EXERCISE OBJECTIVE
Go to the line that contains "Wedding cup set" in the listing below, then output it and every line after it exactly, omitting pictures.

DATA EXCERPT
========================================================================

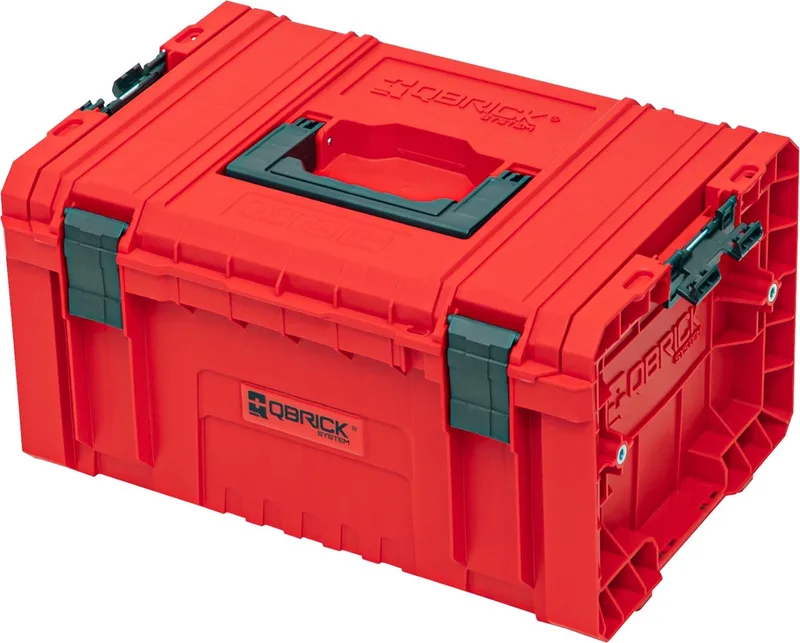 PRO Toolbox 2.0 RED ULTRA HD Op maat gemaakte gereedschapskoffer 450 x 260 x 240 mm 19 l stapelbaar IP54 met 3 compartimenten en legbord by Qbrick System, Red – product image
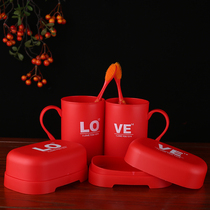 Wedding cup set cartoon couple mouthwash cup red pair wedding supplies dowry festive toothbrush set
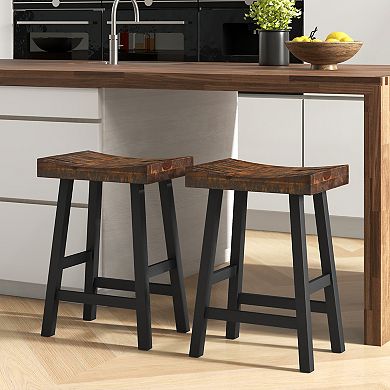 Gymax Bar Stools Set of 4 Counter Height Barstools w/ Saddle Seat
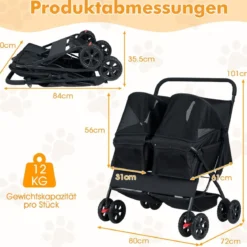 Doppel Hundebuggy mit 2-Sitzer-Tragetasche & Verstellbarem Sonnenschutz Katzenwagen Schwarz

========================================================================

EXERCISE SOLUTION
 Wedding cup set cartoon couple mouthwash cup red pair wedding supplies dowry festive toothbrush set
 Gymax Bar Stools Set of 4 Counter Height Barstools w/ Saddle Seat
 Doppel Hundebuggy mit 2-Sitzer-Tragetasche & Verstellbarem Sonnenschutz Katzenwagen Schwarz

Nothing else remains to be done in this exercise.